In the early 20th century, German playwright and director Bertolt Brecht emerged as a pioneer of formally innovative and politically committed theatre. The Berliner Ensemble, founded in 1949 by Brecht and Helene Weigel, established a company of actors, writers and other practitioners committed to developing ‘epic theatre’.
Before the Berliner Ensemble made their first, influential visit to London in 1956, Joan Littlewood’s Theatre Workshop had decided to stage Brecht’s Mother Courage and Her Children (1941). Planned for performance in July 1955, this was to be the first authorised British production of the acclaimed play.
Ultimately, the production was fraught with problems. This collection of telegrams and letters, exchanged between Gerry Raffles (Theatre Workshop’s General Manager), members of the Berliner Ensemble (including Brecht, writer and dramaturge Elisabeth Hauptmann and Carl Weber) and Oscar Lewenstein (who presented the production and brokered the agreement), reveals the troubled history surrounding it.
What difficulties did Theatre Workshop encounter with their production of Mother Courage?
After initial confusion about performance rights, Theatre Workshop entered into a series of delays, uncertainties and negotiations. Before he authorised the production, Brecht ‘[had] to know a few things’ (f. 20r). His conditions were that he would personally approve the leading actress, the director and the translation. If Theatre Workshop’s ‘trial’ performance at a Devon festival was a success, Brecht would consider extending the production to Theatre Workshop’s ‘home’ at Theatre Royal Stratford East.
Theatre Workshop proposed that, ‘we think the only English actress capable of playing Mother Courage is Joan Littlewood herself’ – as she was ‘everywhere hailed as one of the best producers in this country’, Theatre Workshop also proposed Littlewood as director (f. 22r). Unsurprisingly, Littlewood’s dual role was exceptionally demanding. Soon, Raffles and Brecht agreed on a further condition: Carl Weber, a directing assistant from the Berliner Ensemble, would travel to London to assist the production.

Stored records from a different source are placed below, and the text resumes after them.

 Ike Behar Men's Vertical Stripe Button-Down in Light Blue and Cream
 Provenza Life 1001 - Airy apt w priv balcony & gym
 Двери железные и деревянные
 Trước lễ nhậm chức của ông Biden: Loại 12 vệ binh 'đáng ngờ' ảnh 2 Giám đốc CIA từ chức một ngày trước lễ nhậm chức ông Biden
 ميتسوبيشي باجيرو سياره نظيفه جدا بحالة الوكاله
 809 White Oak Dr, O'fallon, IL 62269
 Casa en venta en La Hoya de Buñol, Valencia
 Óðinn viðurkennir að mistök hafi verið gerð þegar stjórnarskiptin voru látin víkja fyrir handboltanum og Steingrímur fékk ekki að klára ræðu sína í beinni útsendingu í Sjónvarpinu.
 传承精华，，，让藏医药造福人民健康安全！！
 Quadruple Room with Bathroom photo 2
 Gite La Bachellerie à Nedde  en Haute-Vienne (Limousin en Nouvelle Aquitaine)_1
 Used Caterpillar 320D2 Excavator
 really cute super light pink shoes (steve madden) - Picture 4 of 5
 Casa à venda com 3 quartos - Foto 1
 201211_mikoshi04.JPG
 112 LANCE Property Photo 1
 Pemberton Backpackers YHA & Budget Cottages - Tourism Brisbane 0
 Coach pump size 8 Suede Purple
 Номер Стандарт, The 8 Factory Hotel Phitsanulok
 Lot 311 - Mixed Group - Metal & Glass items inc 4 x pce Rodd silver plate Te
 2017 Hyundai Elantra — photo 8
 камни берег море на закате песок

As the performance drew closer, the letters and telegrams reveal escalating clashes of opinion – and personalities. In spite of, or perhaps because of, what they held in common – namely their innovative approach to theatre practice and left-wing political ideology – each company held strong, conflicting ideas on how to stage Mother Courage.
On 20 June 1955, Weber sent a letter to Littlewood (ff. 63r–65r) – with copies also sent to Hauptmann, Brecht and Oscar Lowenstein – detailing the problems that had developed during rehearsals (including the fact that Littlewood had excluded Weber from attending them). He states: ‘To me it has been clear that you resented what you regarded as “interference” of Brecht or the Berliner Ensemble’ (f. 63r). In spite of their disputes, Weber praised Littlewood and Theatre Workshop, writing, ‘your group is one of the best I have ever seen’ (f. 64r). In reply, Raffles threatened to sue for slander (4 July 1955, not digitised here).
Did the production go ahead?
Before Littlewood received Weber’s letter, however, Raffles wrote to Brecht declaring that Joan would no longer be playing the lead part. A flurry of heated letters followed, with Brecht issuing an ultimatum on 22 June: ‘dass Sie selbst die COURAGE spielten, war die Bedingung für unseren Aufführungsvertrag und ich kann davon unter keinen Umständen abgehen’ (‘That you play Mother Courage was the condition of our contract and I cannot abandon this condition under any circumstance’) (ff. 67r–68r). The whole production was at risk.
On 5 July, Raffles reported to Brecht that their production of Mother Courage had gone ahead – with Littlewood in the lead role. After the delays, Raffles testified that Littlewood had had just three days to prepare: ‘The result was, inevitably, a performance on Thursday crippled by nerves’ (f. 76r). It was poorly received. At the end of his letter, Raffles asked if their production could be extended to Stratford East. This collection does not contain a reply from Brecht. We do know, however, that the production did not run. In spite of their difficult experiences Brechtian ideas continued to shape Theatre Workshop’s approach – notably for Oh What a Lovely War (1963).
It was to be Samuel Beckett, rather than Brecht, who sent shockwaves through British theatre in 1955. Just a month later after Theatre Workshop's performance of Mother Courage, Waiting for Godot premiered in London.